As we faced a growing number of instabilities with the current HyperD – like network and devicemapper issues and IP cleanup workarounds, we started our initial evaluation of Kata in early 2019 (https://github.com/screwdriver-cd/screwdriver/issues/818#issuecomment-482239236) and identified two major blockers to move ahead with Kata:

1. Security concern for privileged mode (required to run docker daemon in kata)

2. Disk performance. 

We recently started reevaluating Kata in early 2020 based on a fix to “add flag to overload default privileged host device behaviour” provided by Containerd/cri (https://github.com/containerd/cri/pull/1225), but still we faced issues with disk performance and switched from overlayfs to devicemapper, which yielded significant improvement.
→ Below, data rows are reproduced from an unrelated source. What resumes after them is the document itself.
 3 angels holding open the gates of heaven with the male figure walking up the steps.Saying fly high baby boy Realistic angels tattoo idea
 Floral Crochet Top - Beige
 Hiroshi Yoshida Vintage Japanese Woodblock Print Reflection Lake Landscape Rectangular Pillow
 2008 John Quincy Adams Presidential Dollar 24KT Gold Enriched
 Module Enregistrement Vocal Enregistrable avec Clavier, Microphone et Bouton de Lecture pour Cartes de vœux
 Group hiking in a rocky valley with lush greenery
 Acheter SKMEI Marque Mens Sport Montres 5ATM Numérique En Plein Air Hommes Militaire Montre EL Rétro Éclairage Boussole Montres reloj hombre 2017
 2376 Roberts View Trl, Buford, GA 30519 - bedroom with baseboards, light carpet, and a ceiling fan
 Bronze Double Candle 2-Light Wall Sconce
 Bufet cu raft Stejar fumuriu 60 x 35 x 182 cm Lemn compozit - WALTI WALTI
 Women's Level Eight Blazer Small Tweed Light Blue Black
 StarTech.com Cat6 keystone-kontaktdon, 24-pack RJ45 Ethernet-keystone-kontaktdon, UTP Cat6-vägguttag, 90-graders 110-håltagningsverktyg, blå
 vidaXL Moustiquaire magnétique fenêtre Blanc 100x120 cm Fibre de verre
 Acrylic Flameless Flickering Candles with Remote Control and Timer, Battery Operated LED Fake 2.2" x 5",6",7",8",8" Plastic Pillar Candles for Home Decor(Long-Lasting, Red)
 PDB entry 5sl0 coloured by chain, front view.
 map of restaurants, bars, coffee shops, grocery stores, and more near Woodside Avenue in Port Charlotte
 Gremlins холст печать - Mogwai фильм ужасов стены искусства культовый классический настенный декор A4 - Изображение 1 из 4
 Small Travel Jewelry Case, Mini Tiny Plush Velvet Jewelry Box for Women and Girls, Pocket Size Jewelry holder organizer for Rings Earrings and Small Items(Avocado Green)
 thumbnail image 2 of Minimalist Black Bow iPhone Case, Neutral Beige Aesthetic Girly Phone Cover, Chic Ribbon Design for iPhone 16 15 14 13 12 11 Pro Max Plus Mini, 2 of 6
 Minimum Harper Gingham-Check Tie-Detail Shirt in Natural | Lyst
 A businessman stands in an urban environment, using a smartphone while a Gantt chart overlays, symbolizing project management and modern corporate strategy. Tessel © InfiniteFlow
With our two major blockers resolved and initial tests with Kata looking promising, we moved ahead with Kata.

Screwdriver Build Architecture

Replacing Hyper with Kata led to a simpler build architecture. We were able to remove the custom build setup scripts to launch Hyper VM and rely on native Kubernetes setup. 

Setup

To use Kata containers for running user builds in a Screwdriver Kubernetes build cluster, a cluster admin needs to configure Kubernetes to use Containerd container runtime with Cri-plugin.

Components

Screwdriver build Kubernetes cluster (minimum version: 1.14+) nodes must have the following components set up for using Kata containers for user builds. 

Containerd:

Containerd is a container runtime that helps with management of the complete lifecycle of the container.

Reference: https://containerd.io/docs/getting-started/

CRI-Containerd plugin:

Cri-Containerd is a containerd plugin which implements Kubernetes container runtime interface. CRI plugin interacts with containerd to manage the containers.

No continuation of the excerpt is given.